• _What is required_
The answer is to be an exact copy of the lines below running from the line with "dc boost converters." down to the line with "PV arrays into the grid [12].", both ends included, and nothing more.

• _Data in this exercise_
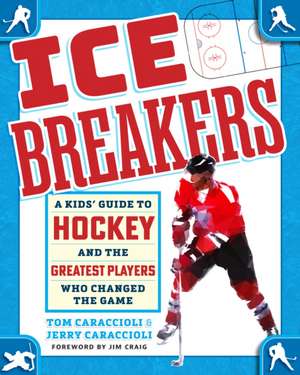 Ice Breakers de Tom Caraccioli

==

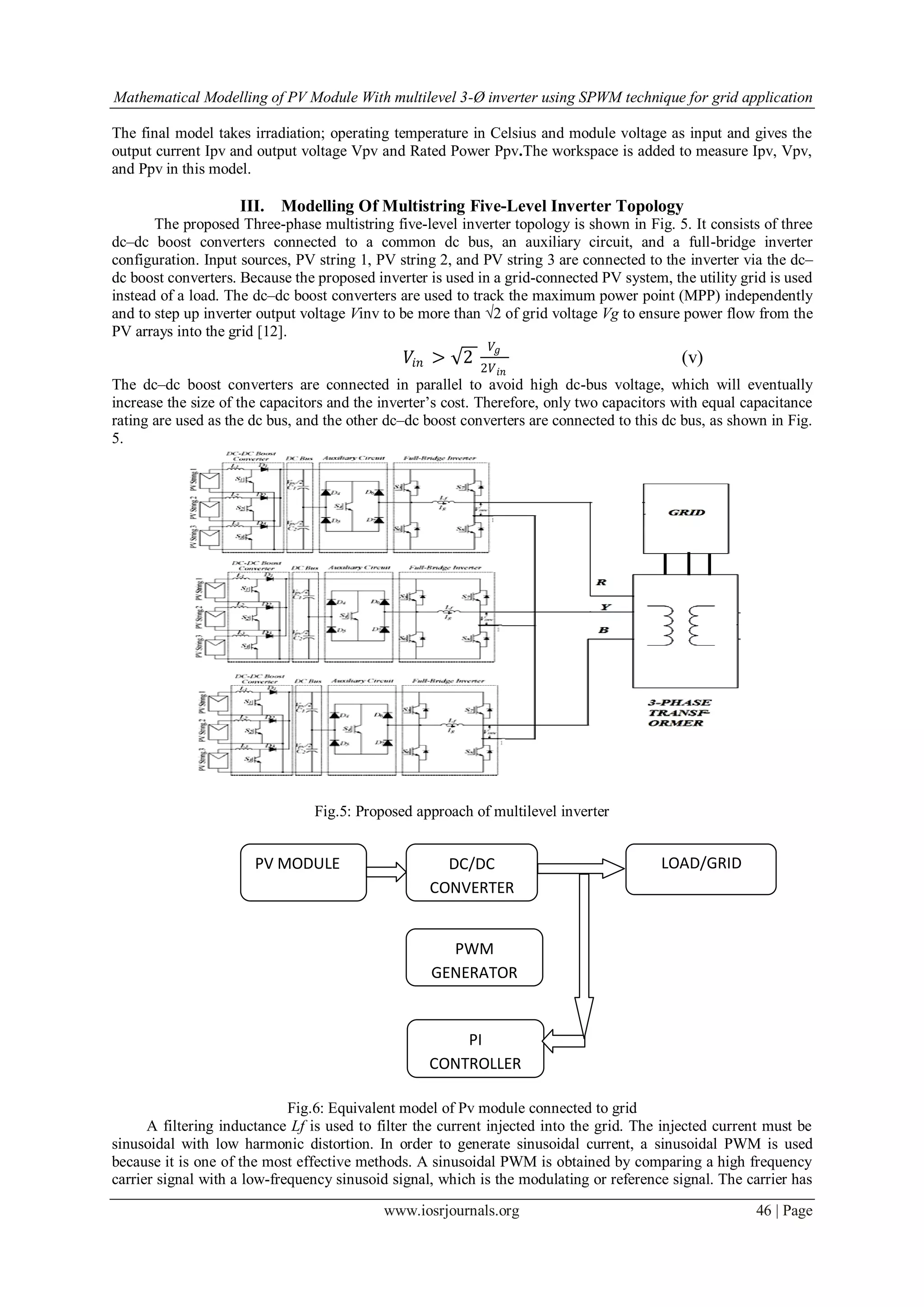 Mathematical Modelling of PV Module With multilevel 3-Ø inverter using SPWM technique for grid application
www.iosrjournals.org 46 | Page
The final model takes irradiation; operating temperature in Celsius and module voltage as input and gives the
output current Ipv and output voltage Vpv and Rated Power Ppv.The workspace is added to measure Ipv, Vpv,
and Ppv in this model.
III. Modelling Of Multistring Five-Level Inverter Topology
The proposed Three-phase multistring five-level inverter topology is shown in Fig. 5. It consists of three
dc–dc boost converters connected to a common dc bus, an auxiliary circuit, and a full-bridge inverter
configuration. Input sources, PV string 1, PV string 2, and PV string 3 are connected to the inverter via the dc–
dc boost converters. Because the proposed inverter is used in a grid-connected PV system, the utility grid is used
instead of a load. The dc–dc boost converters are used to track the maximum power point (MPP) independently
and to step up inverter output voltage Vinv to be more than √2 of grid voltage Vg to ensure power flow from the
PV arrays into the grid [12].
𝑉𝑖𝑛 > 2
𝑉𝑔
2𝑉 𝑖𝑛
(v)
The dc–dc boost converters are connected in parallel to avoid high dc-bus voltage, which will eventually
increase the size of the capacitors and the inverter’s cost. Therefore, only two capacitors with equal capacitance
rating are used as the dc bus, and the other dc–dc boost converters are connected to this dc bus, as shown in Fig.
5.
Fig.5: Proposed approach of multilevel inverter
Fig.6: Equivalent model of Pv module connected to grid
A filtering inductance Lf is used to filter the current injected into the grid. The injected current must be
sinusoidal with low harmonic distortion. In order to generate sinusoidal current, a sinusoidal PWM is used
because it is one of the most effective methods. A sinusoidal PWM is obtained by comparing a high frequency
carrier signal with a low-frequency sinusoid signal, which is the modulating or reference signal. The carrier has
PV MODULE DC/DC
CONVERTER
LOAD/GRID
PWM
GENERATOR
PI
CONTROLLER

---

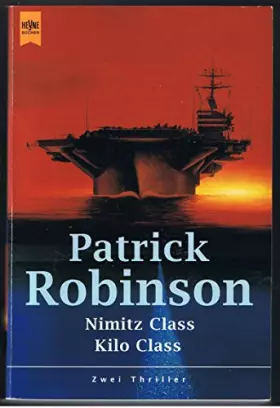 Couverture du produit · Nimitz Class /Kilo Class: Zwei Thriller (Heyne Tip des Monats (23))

• _Solution for this exercise_
dc boost converters. Because the proposed inverter is used in a grid-connected PV system, the utility grid is used
instead of a load. The dc–dc boost converters are used to track the maximum power point (MPP) independently
and to step up inverter output voltage Vinv to be more than √2 of grid voltage Vg to ensure power flow from the
PV arrays into the grid [12].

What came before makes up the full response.